Reddit – Graphia File (.graphia)
The social media site Reddit is a global discussion forum where posts are separated into subject areas known as subreddits. This graph models each node as a subreddit with the edges indicating some form of cross-reference to another subreddit. The data was compiled by the GitHub user wojciech-graj and is available in their reddit-graph repository. Note that some of the less family friendly content has been removed from the version we present here.
Biology
Mouse Tissue Expression Atlas – Numerical Data Matrix (.csv)
This is the dataset that started it all off. It is a microarray analysis of gene expression across 61 mouse tissues. It consists of over 36,000 measurements taken across 122 samples of embryonic and adult mouse samples. It represents one of the first ‘big’ gene expression datasets in biology and was originally published by Su et al. back in 1994 PNAS, 101: 6062. The frustrations of trying to analyse these data using conventional bioinformatics approaches were what drove us to develop the gene correlation network analysis approach incorporated into Graphia.
Mouse Gene Clusters – Weighted Pairwise Text (.txt)
A sub-graph derived from GNF mouse atlas (above) and saved as a simple weighted edge file format consisting of node-edge relationships and edge weight (3 column format). It is graph of mouse genes and their coexpression relationships to each other. The underlying data is however not saved with the graph.
Mouse Single Cell Analysis – Numerical Data Matrix (.csv)
These data describe the changing transcriptional landscape of individual cells sampled from a fertilised mouse egg (zygote) to a ball of cells (blastocyst). Whilst relatively small for single cell data (only 268 cells), it is a very well known dataset often used for training purposes and benchmarking new techniques. It also allows you to explore the potential of Graphia for analysis of single cell data. Data from: Deng Q., et al. Science 343, 193-196 (2014).
Taxonomic Tree of Mammals – Graphia File (.graphia)
Taxonomy is the science of classifying and categorising biological organisms within structured hierarchical groups. The resulting structure of taxonomic classification is a spanning tree. Using data from the US National Center for Biotechnology Information (NCBI) Taxonomy database we have constructed a graph of mammals. Each taxonomic rank in the hierarchy is represented by a unique colour.
Geometric Graphs
Cylinder graph – Graph Modelling Language (.gml)
A Cylinder shape provided in .gml format with a random series of “holes” in the structure, specifically to make optimum layout difficult.
Blackhole – Pairwise Text (.txt)
A “Black hole” shape provided by a simple pairwise connection of nodes in a text file.

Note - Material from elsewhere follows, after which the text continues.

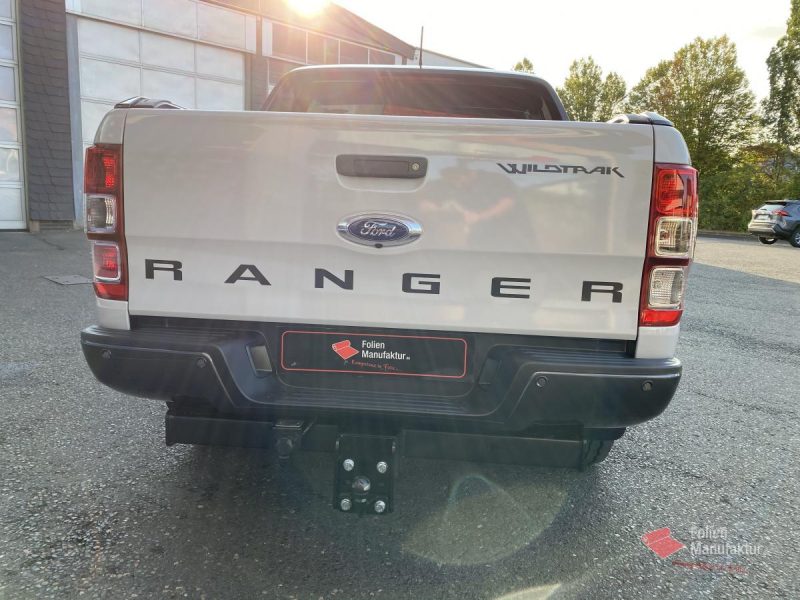 Ford Ranger Vollfolierung – Bild 8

Flower – Graph Modelling Language (.gml)
A complex flower shape created in the .gml format provided by the Hachul graph set.
Finance256 – Graph Modelling Language (.gml)
Example graph file provided by the SuiteSparse Matrix Collection. This collection is used to test the layout capabilities of a variety of graph layout algorithms. The collection is designed to be particularly difficult for a stable optimum layout to be found. This graph is particularly large!